Daan Killemaes
Kerncentrales en grootbanken zijn in hetzelfde bedje ziek
Kerncentrales en grootbanken hebben met elkaar gemeen dat de maatschappelijke kosten hoog oplopen als het mis gaat, en dat vooral de overheid daarvoor mag opdraaien. Deze storende subsidie maakt van bankmastodonten en kernenergie overgangstechnologieën.
Als zich in de kerncentrales van Doel of Tihange een zwaar nucleair incident voordoet, dan is exploitant Electrabel voor maximaal 300 miljoen euro aansprakelijk. Dat is een peulschil en het is de overheid die zal opdraaien voor het overgrote deel van de schade, om nog te zwijgen van het menselijke leed.
Stel dat de exploitanten van kernenergie wel onbeperkt aansprakelijk zouden zijn, dan zou niemand zich nog aan kernenergie wagen. De verzekeringspremies, voor zover een verzekeringsmaatschappij zo’n polis durft aan te bieden, zouden zo hoog oplopen dat kernenergie onrendabel wordt. Kernenergie die intrinsiek veilig is, moet een kans krijgen, op voorwaarde dat de exploitanten op de markt een aansprakelijkheidsverzekering zoeken, zodat de elektriciteit uit kernenergie een juiste prijs krijgt.
De impliciete waarborg van de overheid is dus een enorme subsidie. Als dat niet doet denken aan de banksector. Bij een bankencrisis draait vooral de overheid op voor de schade (kijk naar de omvang van de Belgische overheidsschuld), en om nog erger te voorkomen heeft ze geen andere keuze dan falende banken te hulp te schieten. Deze impliciete subsidie voor monsterbanken staat een gezonde en faire werking van de markteconomie in de weg.
Deze borgstelling geeft de overheid het recht om hard op tafel te kloppen, strikte regels en controles op te leggen, hogere verzekeringspremies te eisen van banken en exploitanten van kernenergie, én op te doeken wat te groot is om te mogen falen.
Maar omdat de overheid vaak geen partij is voor de energiebonzen en topbankiers is de kans groot dat de overheid de risico’s onderschat en dus te laks optreedt.
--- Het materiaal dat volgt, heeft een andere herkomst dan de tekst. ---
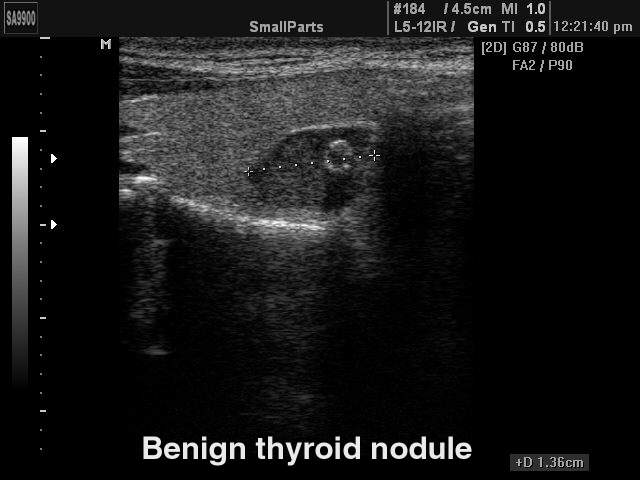 Thyroid benign nodule, B-mode (echogramm №215)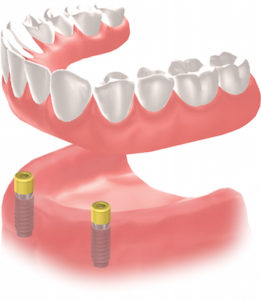 dental implant calgary se - implanted screws 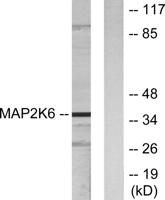 MEK-6 Polyclonal Antibody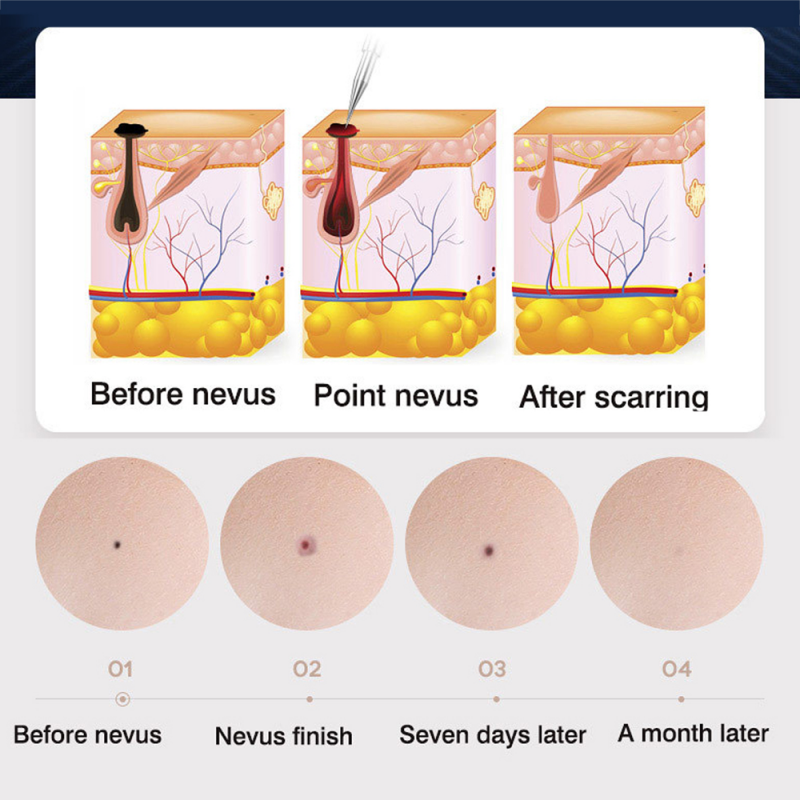 New Arrival 9 Levels LCD Laser Plasma Pen Mole Tattoo Freckle Wart Tag Removal Pen Dark Spot Remover For Face Skin Care Tools Beauty Machine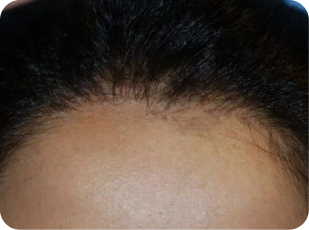 Hair transplants for women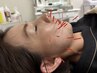 【たるみ・肩こり・睡眠改善】美容鍼30分＋全身マッサージ30分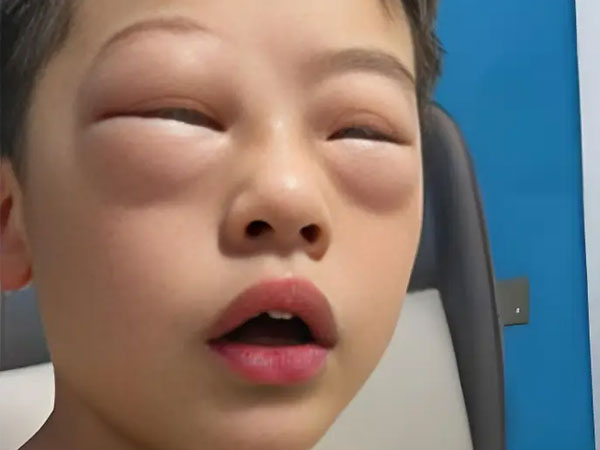 Chuyện thật như đùa: Cậu bé tiểu học 'dị ứng' với bài tập về nhà, cứ mở vở ra là mắt sưng như mắt ếch!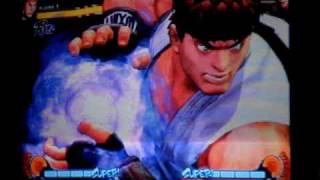 Ryu Ultra Set up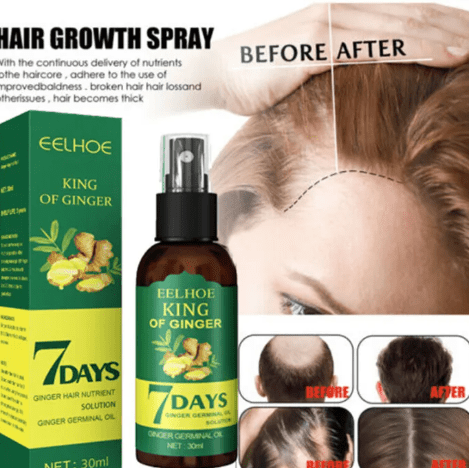 7 Days Hair Growth Serum with 540 Micro - Needle Derma RollerFlexora Gadgets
Bovendien heeft de bankencrisis nog grotere mastodonten gebaard, waardoor de kans toeneemt dat deze banken, met de overheidsgarantie in de achterzak, opnieuw onverantwoorde risico’s nemen. Ook de hogere verzekeringspremie die de overheid aan de banken vraagt, hangt met haken en ogen aan elkaar. België koos voor een premie op spaardeposito’s, maar op die manier betalen vooral de onschuldige spaarder en de voorzichtige spaarbank. Het is alsof de overheid aan alle omwonenden van Doel en Tihange een verzekeringspremie vraagt, en de exploitanten van de centrales relatief ongemoeid laat. De redenering van de overheid is dat ze de spaarder en omwonenden beschermt en vergoedt, en dus moeten zij daarvoor betalen.
Het is niet meer dan billijk dat ze ook de exploitanten een hogere verzekeringspremie vraagt, bijvoorbeeld via een uraniumtaks. Het voordeel is dat deze taks moeilijker doorgerekend kan worden in de elektriciteitsprijs (omdat meestal de gascentrales de marktprijs bepalen), al is Electrabel beslagen genoeg om deze taks minstens gedeeltelijk door te rekenen aan de consument.
Het principe van too big to fail is too big tout court verdient zijn plaats in het debat. De Belgische economie kan op dit moment niet zonder kernenergie, maar het kan geen kwaad om versneld werk te maken van een beter investeringsklimaat voor duurzame alternatieve oplossingen, die vriendelijker zijn voor het milieu en de marktwerking.